--- Raw data Enclosed Below ---
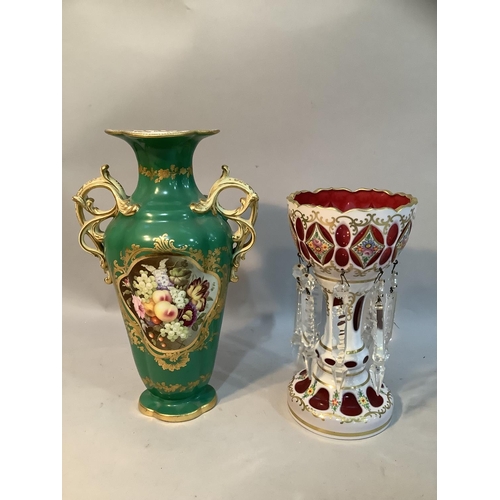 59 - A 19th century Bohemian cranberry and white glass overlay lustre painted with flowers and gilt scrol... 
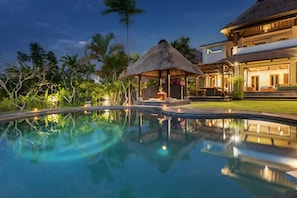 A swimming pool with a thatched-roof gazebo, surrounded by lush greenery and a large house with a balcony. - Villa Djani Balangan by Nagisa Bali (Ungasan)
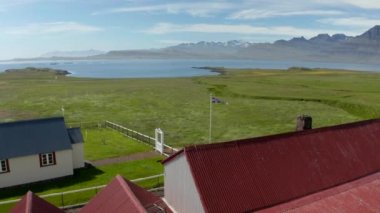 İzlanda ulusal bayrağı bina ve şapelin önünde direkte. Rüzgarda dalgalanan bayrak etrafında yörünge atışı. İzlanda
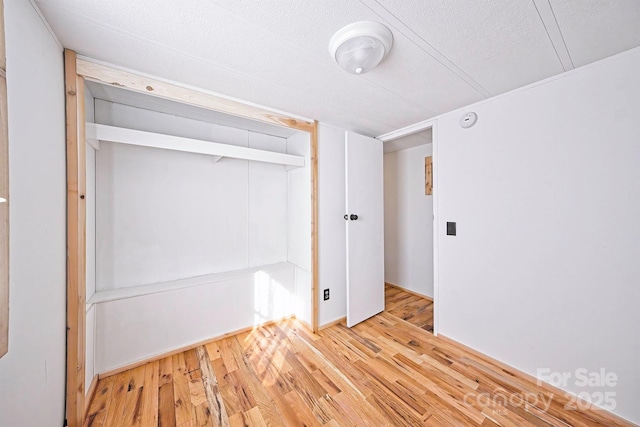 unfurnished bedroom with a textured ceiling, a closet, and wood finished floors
--- End of Enclosed Raw data ---
In the material above, retype exactly the lines that run from the one containing "İzlanda ulusal bayrağı" through the last line, and keep out the pictures.

• Answer for this exercise:
 İzlanda ulusal bayrağı bina ve şapelin önünde direkte. Rüzgarda dalgalanan bayrak etrafında yörünge atışı. İzlanda
 unfurnished bedroom with a textured ceiling, a closet, and wood finished floors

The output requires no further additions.